Newsletter 2 - July 2011

In this newsletter, the following legal problem is analysed and compared to the Consumer Protection Act.

A purchases land from B, who is a property developer. B explains to A, that since the property market has been performing very poorly over the last few years, B will give A the opportunity to buy the land for a third of the market value of the vacant stand. The value of the stand is R300 000, as explained by B, but because of the economic circumstances A can buy the stand for R100 000. B explains further that he will buy the land from A for R300 000 after 4 years and A will make a profit of R200 000.

After 4 years, A realised that B had sold the stand for R300 000 to C, and did not inform A of the sale agreement and that the parties to that agreement are B and C. C paid for the stand after only 4 monthly instalments in cash equal to R200 000. C told B that he is unable to pay the outstanding amount because the true value of the stand is only R200 000. B informs A that A is only entitled to R100 000 profit.

A is not happy with the R100 000 profit, and argues that he should have sold the land to C, because he was the true owner of the vacant stand.

The above scenario is not fiction; this occurs quite frequently in practice in times of economic difficulties. It is interesting to note, however, that although A had bought the land for cash, B never delivered the land, or vacant stand, to A, because the parties never used the services of a conveyancer to register the ownership of the land in A’s name.
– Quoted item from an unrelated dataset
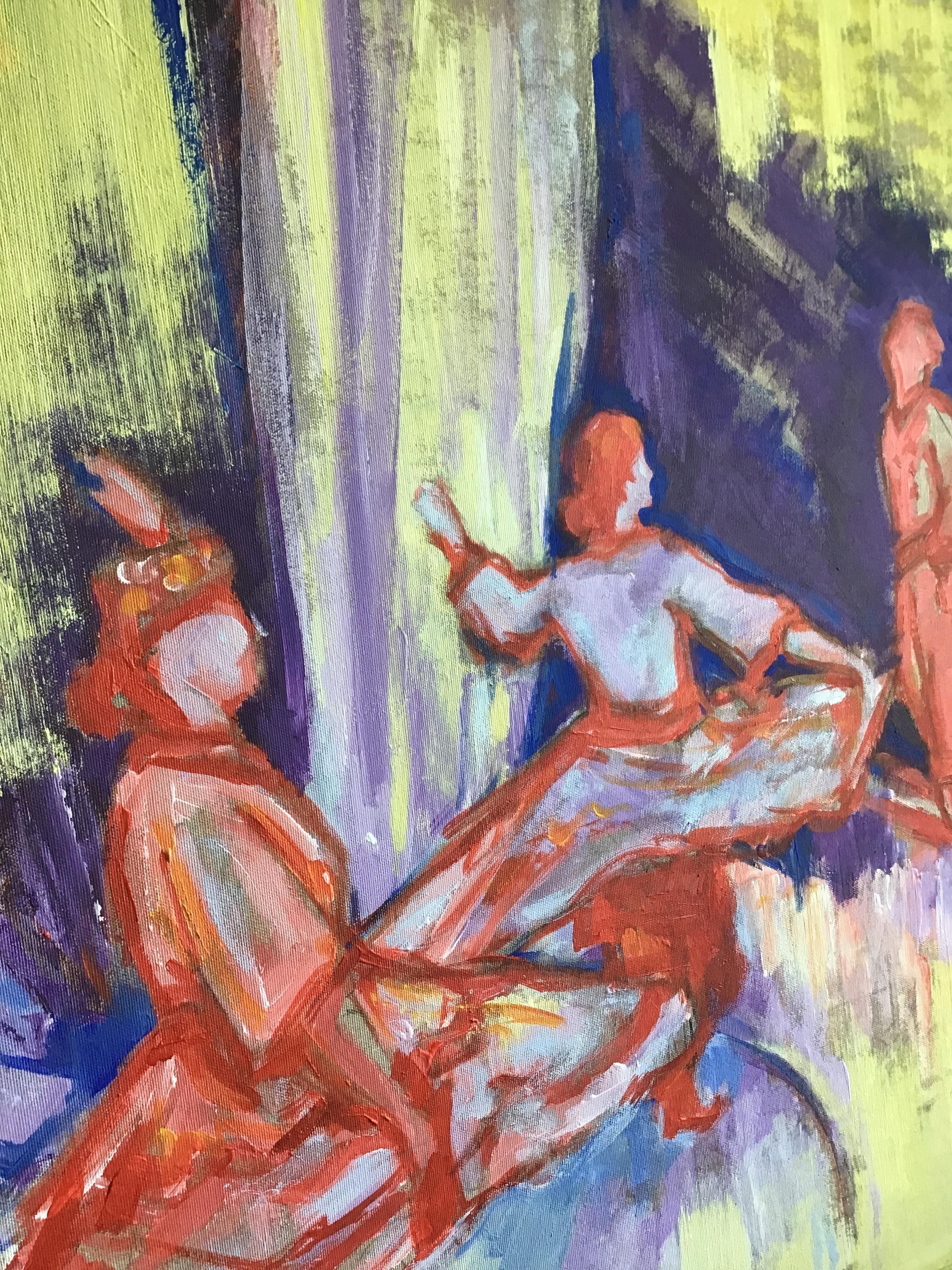 Il dipinto è stato realizzato con fotografie d'archivio della mia famiglia e ritrae la madre dell'autore mentre balla una danza tradizionale ucraina, quando era più giovane.

Il progetto è dedicato al campo della pittura e dell'arte preferito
In fact, B remains the rightful owner of the land, and he does not need A’s permission to sell the land to C. Is the Consumer Act relevant to this scenario?

The Consumer Act states clearly in regulation 15 what constitutes a “fraudulent public property syndication scheme”. In short, this regulation indicates statutory fraud when the seller explains to the purchaser by false pretence or otherwise that the property he is buying is worth more than its true market value.

It is noteworthy that the Act is relevant to all forms of public property syndication schemes, irrespective of whether the public property scheme is being sold by a company, trust, close corporation, partnership or sole proprietor, and or by any of their representatives. It is clear from our example that B sold the vacant stand for more than its true value, and promised a return of R200 000, which, in the first instance, he was unable to meet.

Part of regulation 15 refers to the number of disclosures that must be made by B when approaching A for money.

For example, B should have informed A that the money he received from A (the purchase price) would have been paid into a trust fund.

B must have clearly stated who controls the withdrawal of funds and for which purposes (to allow for transfer of ownership or not);
that the investment in the vacant stand would have been a long term one of not less than 5 years;
that it was not the responsibility of B to find a buyer for the stand, but rather, A’s responsibility; whether A had bought the property on condition of ownership or option of ownership or that the ownership would be transferred into the syndication vehicle;
the method of how additional capital would be raised in the future;
who the syndication vehicle was; and that the valuation certificate of the value of the stand should have been made available; etcetera.

In conclusion, although it was not the intention of B to promote a public property syndication scheme actively, his actions can be easily interpreted as a “fraudulent scheme” when the Consumer Act is applied to the above facts.